When you reach the line with "Hyundai Elantra — фото 25" in the records below, begin transcribing exactly and continue up to and including the line with "In The Style Pullover 'Jossa' in Blau", leaving out every picture.

## [The input]
- Opening Delimiter -

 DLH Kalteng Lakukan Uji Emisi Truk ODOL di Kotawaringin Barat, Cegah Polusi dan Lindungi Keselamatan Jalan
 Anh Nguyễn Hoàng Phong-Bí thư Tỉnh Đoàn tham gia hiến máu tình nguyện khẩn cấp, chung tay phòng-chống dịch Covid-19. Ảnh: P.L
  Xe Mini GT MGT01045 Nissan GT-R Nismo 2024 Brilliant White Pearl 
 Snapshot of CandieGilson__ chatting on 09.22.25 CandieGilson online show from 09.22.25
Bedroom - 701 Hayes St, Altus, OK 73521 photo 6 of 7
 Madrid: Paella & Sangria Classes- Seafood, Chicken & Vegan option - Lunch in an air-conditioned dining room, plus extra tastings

- Closing Delimiter -
- Opening Delimiter -

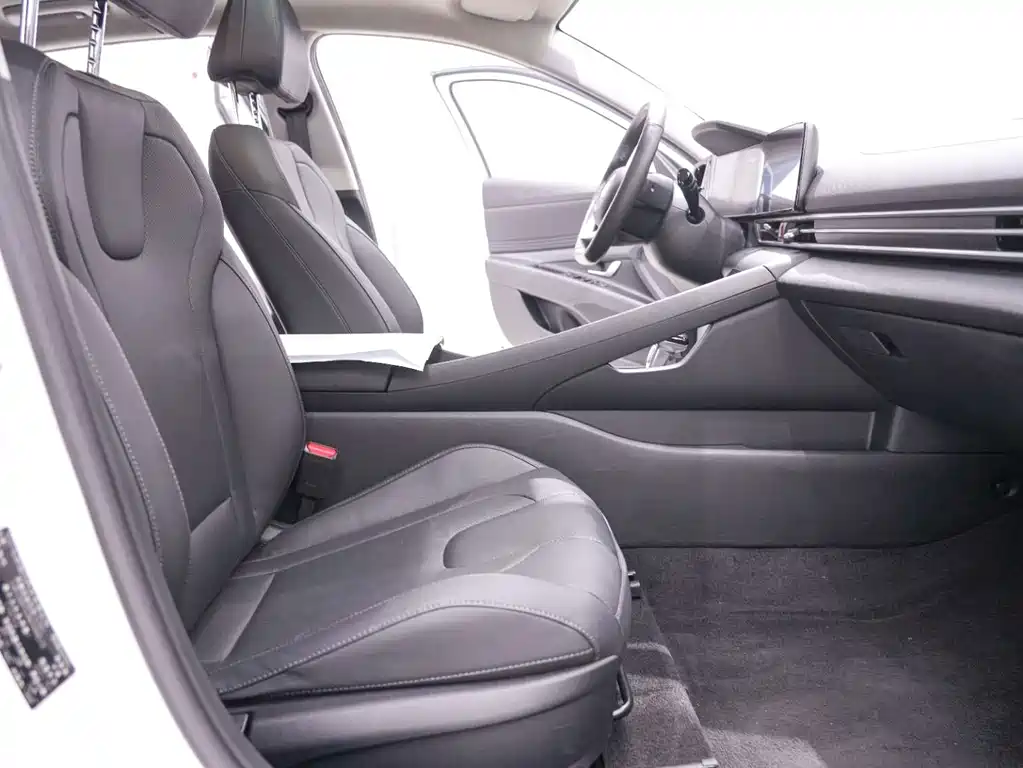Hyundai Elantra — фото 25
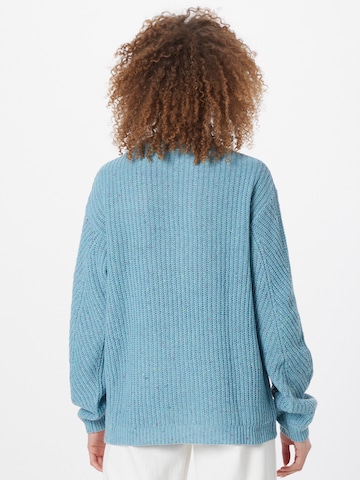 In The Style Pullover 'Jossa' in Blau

- Closing Delimiter -
- Opening Delimiter -

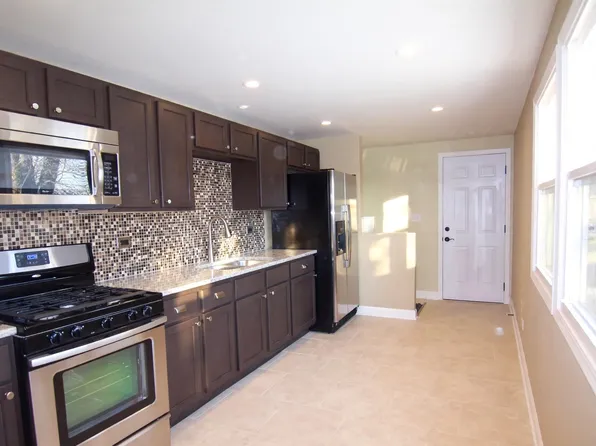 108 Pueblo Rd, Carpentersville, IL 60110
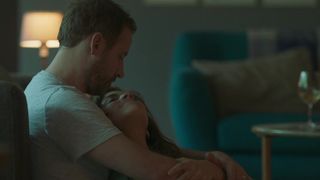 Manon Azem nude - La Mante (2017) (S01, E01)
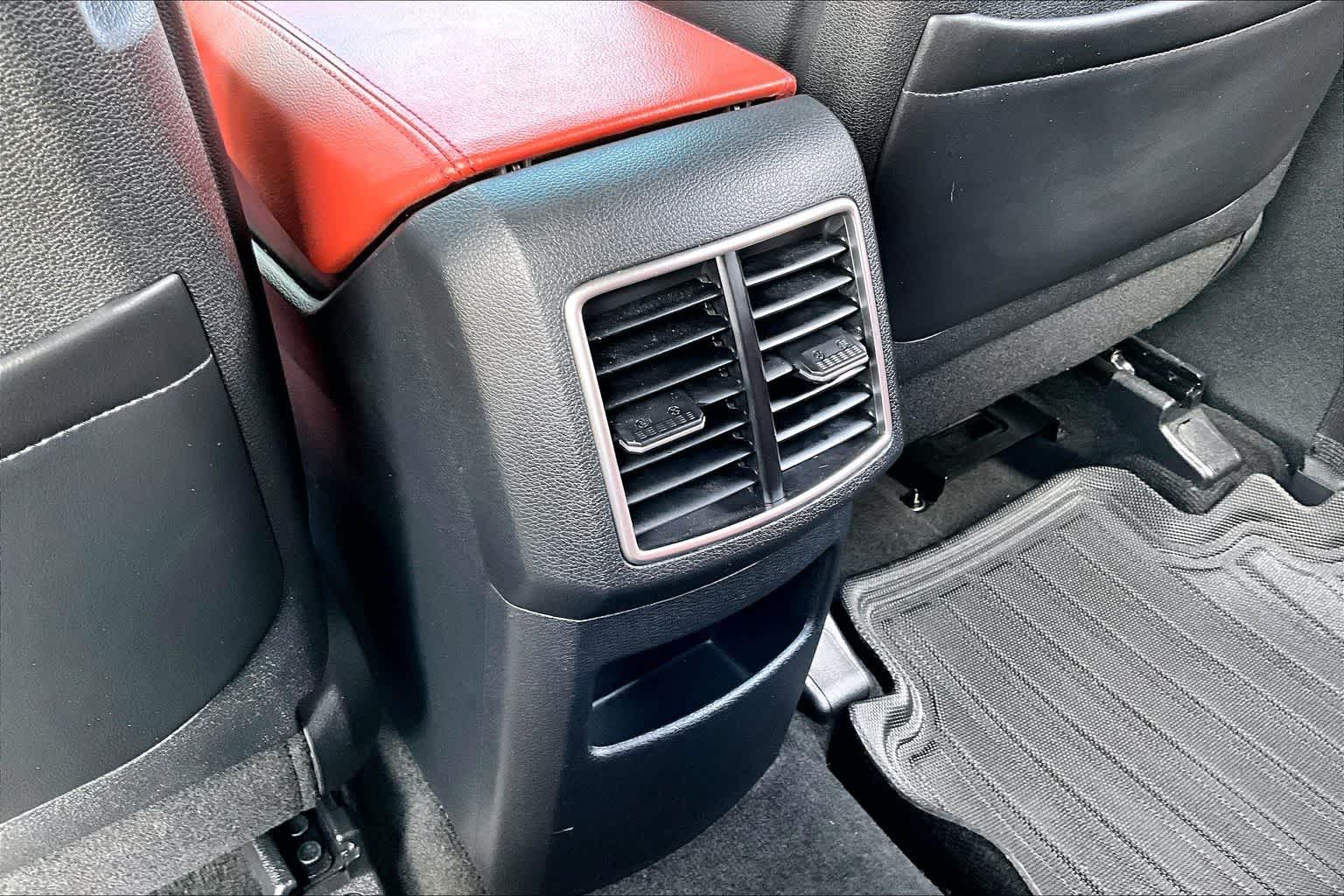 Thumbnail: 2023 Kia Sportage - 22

- Closing Delimiter -

## [Task result]
Hyundai Elantra — фото 25
 In The Style Pullover 'Jossa' in Blau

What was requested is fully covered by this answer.